---------- DATA

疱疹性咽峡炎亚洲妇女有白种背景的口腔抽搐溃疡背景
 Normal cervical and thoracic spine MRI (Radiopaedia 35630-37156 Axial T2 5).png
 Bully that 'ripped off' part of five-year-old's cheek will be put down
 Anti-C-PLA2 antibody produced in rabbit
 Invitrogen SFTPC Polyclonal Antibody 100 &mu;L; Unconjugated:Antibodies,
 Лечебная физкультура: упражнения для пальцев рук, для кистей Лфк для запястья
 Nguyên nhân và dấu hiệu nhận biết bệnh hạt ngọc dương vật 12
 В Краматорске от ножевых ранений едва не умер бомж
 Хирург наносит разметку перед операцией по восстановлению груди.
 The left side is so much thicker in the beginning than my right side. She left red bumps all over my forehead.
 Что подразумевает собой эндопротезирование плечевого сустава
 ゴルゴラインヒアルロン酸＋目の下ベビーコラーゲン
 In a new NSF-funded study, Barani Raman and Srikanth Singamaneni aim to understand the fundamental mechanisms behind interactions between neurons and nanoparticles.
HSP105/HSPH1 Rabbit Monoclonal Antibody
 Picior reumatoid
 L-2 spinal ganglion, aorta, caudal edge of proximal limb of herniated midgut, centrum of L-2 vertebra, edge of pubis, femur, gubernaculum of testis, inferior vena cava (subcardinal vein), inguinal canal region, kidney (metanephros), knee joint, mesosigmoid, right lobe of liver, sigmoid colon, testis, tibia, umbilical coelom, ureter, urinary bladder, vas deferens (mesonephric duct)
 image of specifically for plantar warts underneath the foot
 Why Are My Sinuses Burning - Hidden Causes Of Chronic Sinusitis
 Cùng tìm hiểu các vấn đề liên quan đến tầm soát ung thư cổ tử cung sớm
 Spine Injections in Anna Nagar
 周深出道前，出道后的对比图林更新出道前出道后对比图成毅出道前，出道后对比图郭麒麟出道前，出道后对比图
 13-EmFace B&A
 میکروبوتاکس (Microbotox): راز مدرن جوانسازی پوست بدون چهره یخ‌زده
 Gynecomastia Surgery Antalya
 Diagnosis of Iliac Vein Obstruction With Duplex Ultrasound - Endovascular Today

--------------------

**WHAT YOU NEED TO DO**
List every line above containing the word "right".

**SOLUTION**
 The left side is so much thicker in the beginning than my right side. She left red bumps all over my forehead.
 L-2 spinal ganglion, aorta, caudal edge of proximal limb of herniated midgut, centrum of L-2 vertebra, edge of pubis, femur, gubernaculum of testis, inferior vena cava (subcardinal vein), inguinal canal region, kidney (metanephros), knee joint, mesosigmoid, right lobe of liver, sigmoid colon, testis, tibia, umbilical coelom, ureter, urinary bladder, vas deferens (mesonephric duct)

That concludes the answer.